Could you give the entries back exactly as they stand, minus any pictures?

▶ [Short descriptive text snippets]
• • •
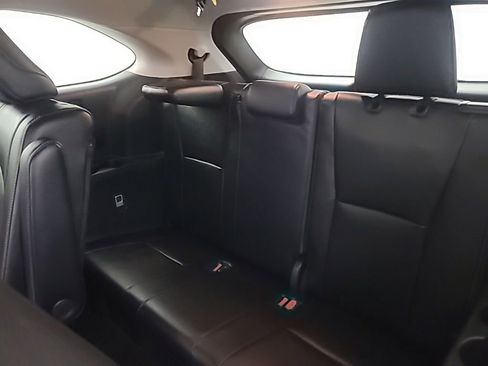 Used 2025 Toyota Highlander Platinum image 22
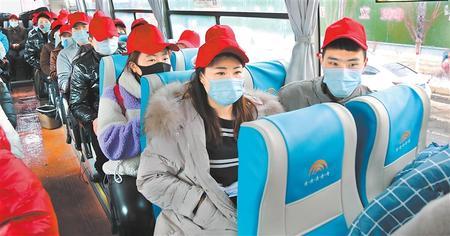 近日，西和县开展“点对点、一站式”劳务输转。新甘肃&middot;甘肃日报通讯员 梁云霞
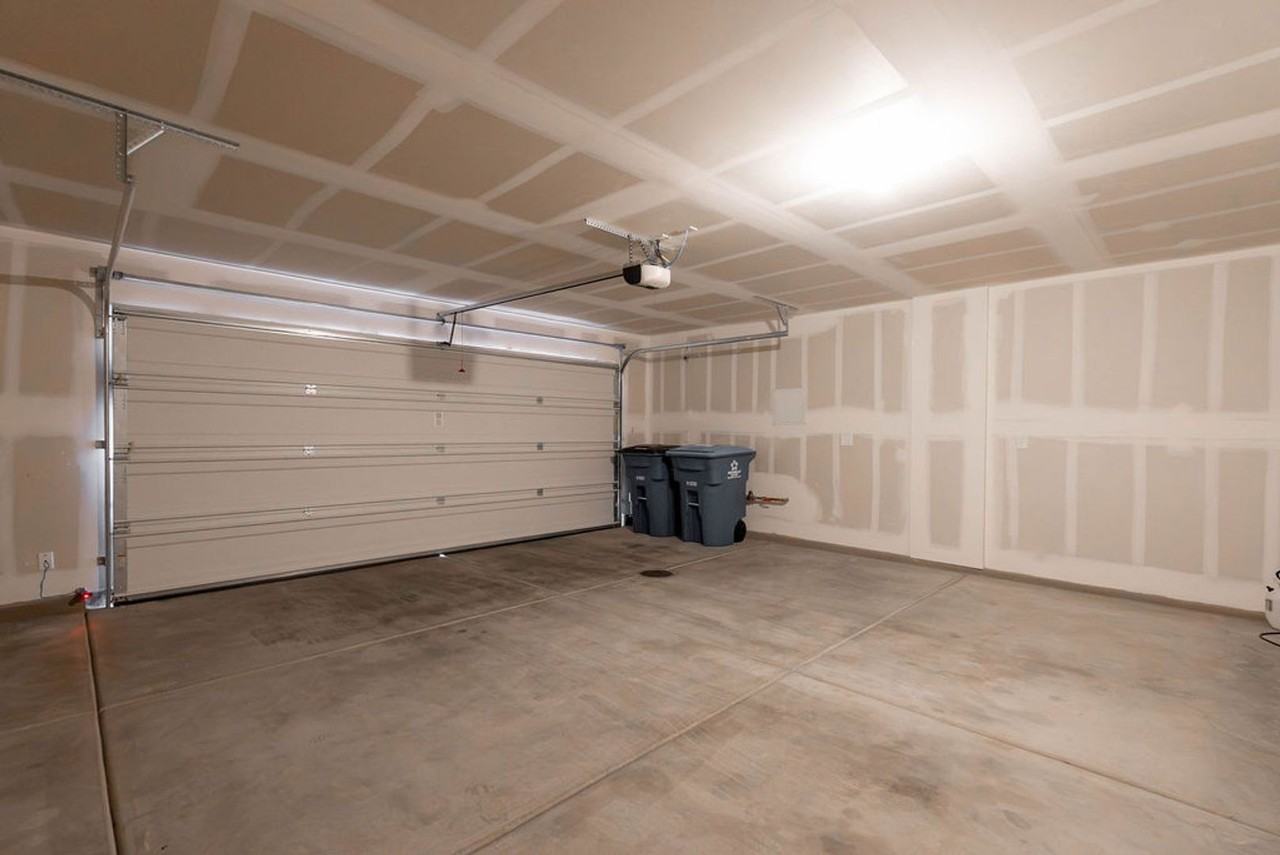3541 Reserve Ct - Photo 5 of 37
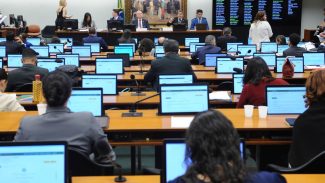 CCJ da Câmara se posiciona a favor de cassação de Carla Zambelli CCJ da Câmara se posiciona a favor de cassação de Carla Zambelli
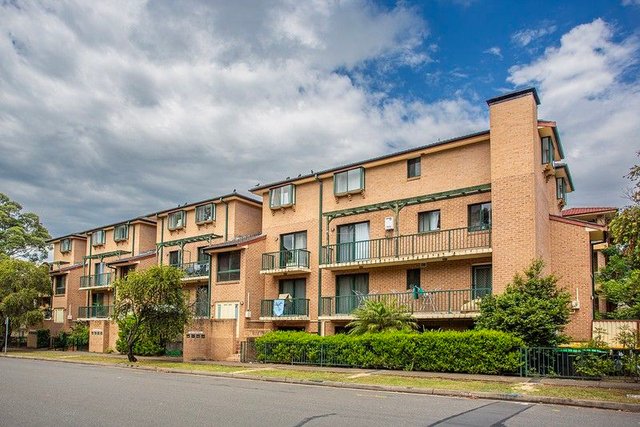 4/1 Early St, NSW 2150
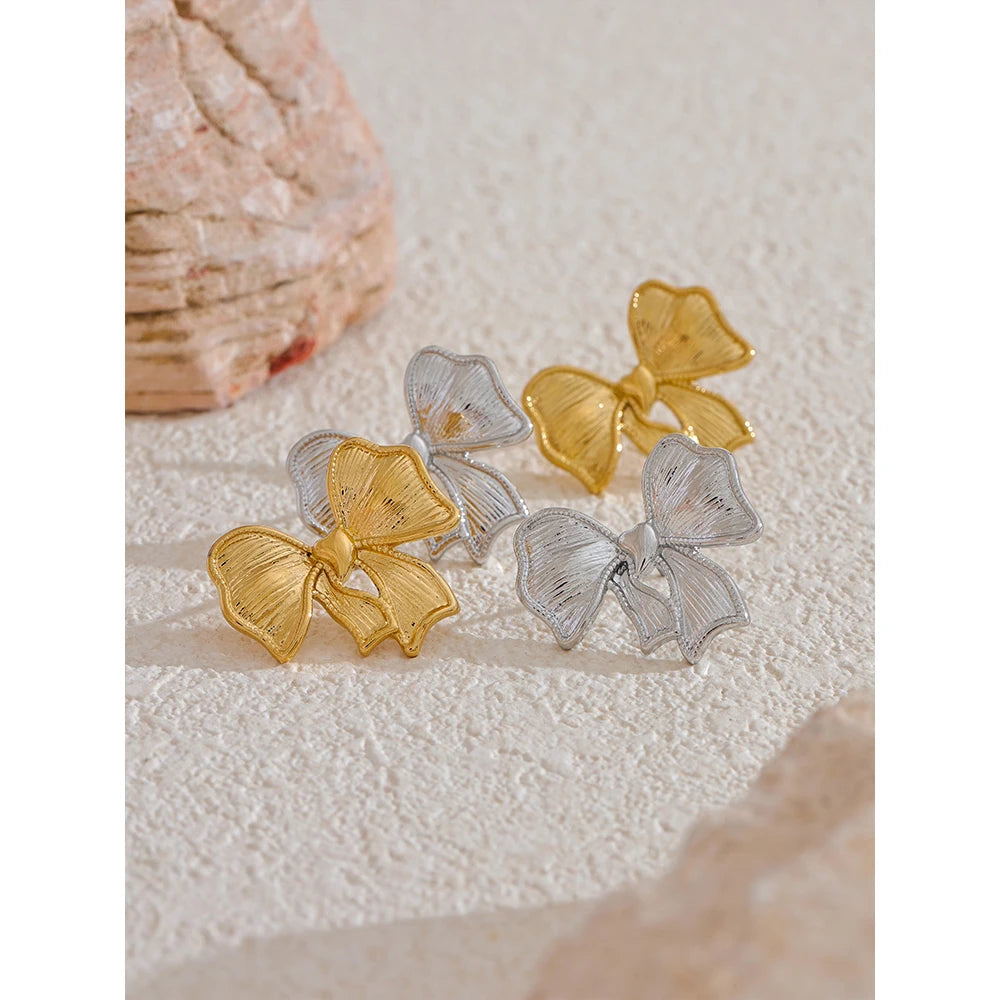 Bow earrings in gold-plated stainless steel.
• • •
▶ [Task solution]
 Used 2025 Toyota Highlander Platinum image 22
 近日，西和县开展“点对点、一站式”劳务输转。新甘肃&middot;甘肃日报通讯员 梁云霞
3541 Reserve Ct - Photo 5 of 37
 CCJ da Câmara se posiciona a favor de cassação de Carla Zambelli CCJ da Câmara se posiciona a favor de cassação de Carla Zambelli
 4/1 Early St, NSW 2150
 Bow earrings in gold-plated stainless steel.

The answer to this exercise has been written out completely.